Cerca
Cerca
+

Ratzinger effect: come gli stessi nemici di Benedetto XVI svelano la sede impedita

Andrea Cionci
Andrea Cionci

Storico dell'arte, giornalista e scrittore, si occupa di storia, archeologia e religione. Cultore di opera lirica, ideatore del metodo “Mimerito” sperimentato dal Miur e promotore del progetto di risonanza internazionale “Plinio”, è stato reporter dall'Afghanistan e dall'Himalaya. Ha appena pubblicato il romanzo "Eugénie" (Bibliotheka). Ricercatore del bello, del sano e del vero – per quanto scomodi - vive una relazione complicata con l'Italia che ama alla follia sebbene, non di rado, gli spezzi il cuore

Vai al blog
  • a
  • a
  • a

Questa vicenda millenaria della sede impedita di Benedetto XVI e dell’antipapato di Bergoglio produce dei fenomeni assolutamente stupefacenti, al limite del preternaturale.

In primis, il grottesco e assordante silenzio stampa sulla Magna Quaestio: un tabù assoluto che parla più di mille titoli di prima pagina. Cari colleghi mainstream, ma perché vi fa così paura Bergoglio? Non era tutto zucchero e misericordia? (Forse no).

In secundis, l’autolesionismo masochistico di certi presunti cattoconservatori che attaccano giornalmente Bergoglio dicendogliene di tutti i colori, ma guai a far loro presente che non è il vero papa per motivi giuridici. (Alcuni hanno capito bene, ma tentano di “dividersi la veste” del Vicario di Cristo QUI).
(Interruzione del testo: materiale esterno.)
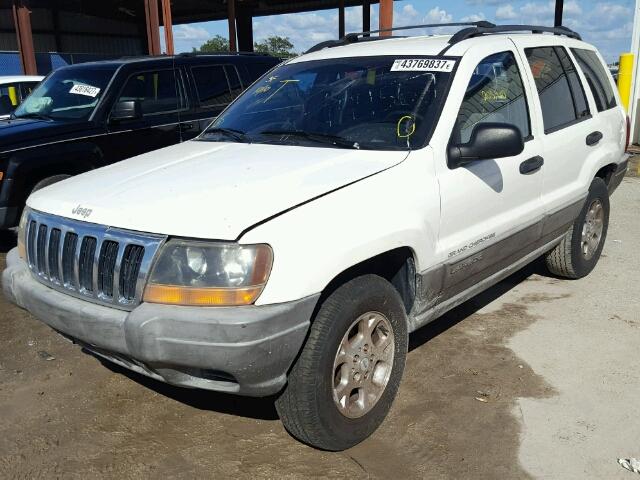 1J4G258S9XC774567 - 1999 JEEP GRAND CHER WHITE photo 2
Tuttavia, il fenomeno più straordinariamente interessante è il cosiddetto “Ratzinger effect”, ovvero l’automassacro dei nemici più aggressivi di papa Benedetto XVI i quali, attaccando in modo scomposto l’inchiesta “Codice Ratzinger” (che sarà presentata ancora il 3 a Pordenone e il 4 a Bologna), producono involontariamente nuove, straordinarie prove che confermano ancora sempre la stessa verità. Ricordiamo con gratitudine un hater che, nei suoi feroci attacchi social, ci ha fatto scoprire l’utilissimo canone 335, (oltre al 412) che parla di “sede totalmente impedita” come perfetta alternativa alla sede vacante. Poi, don Ariel Levi di Gualdo, insultatore seriale del sottoscritto e di don Minutella il quale, pubblicando sul suo sito la lettera falsa di Mons. Gaenswein (da lui misteriosamente “ricevuta da fonti anonime”) ha dato modo allo stesso Segretario del Papa di smentirne il contenuto e spiegare così che Benedetto XVI celebra la messa in comunione con se stesso “indegno servo” e non in unione con Bergoglio, (ovviamente, dato che non è il legittimo papa) QUI . La vicenda della falsa lettera è si è poi conclusa con un gran finale “napoleonico” tipo Ouverture di Tschaijkowsky 1812, con campane a festa e salve di cannone, quando si è scoperto che il falso era stato prodotto con una licenza Word a nome proprio di don Ariel Levi di Gualdo. Lo stesso sacerdote “tosco-romano, di antica ascendenza sacerdotale ebraica”, come ama definirsi, non ha smentito la paternità del falso e anzi, ha dichiarato che “esistono menzogne buone e menzogne cattive”, offrendo una nuova prospettiva teologica che potrebbe piacere a Bergoglio e al resto del mondo una chiara idea di come sia andata.  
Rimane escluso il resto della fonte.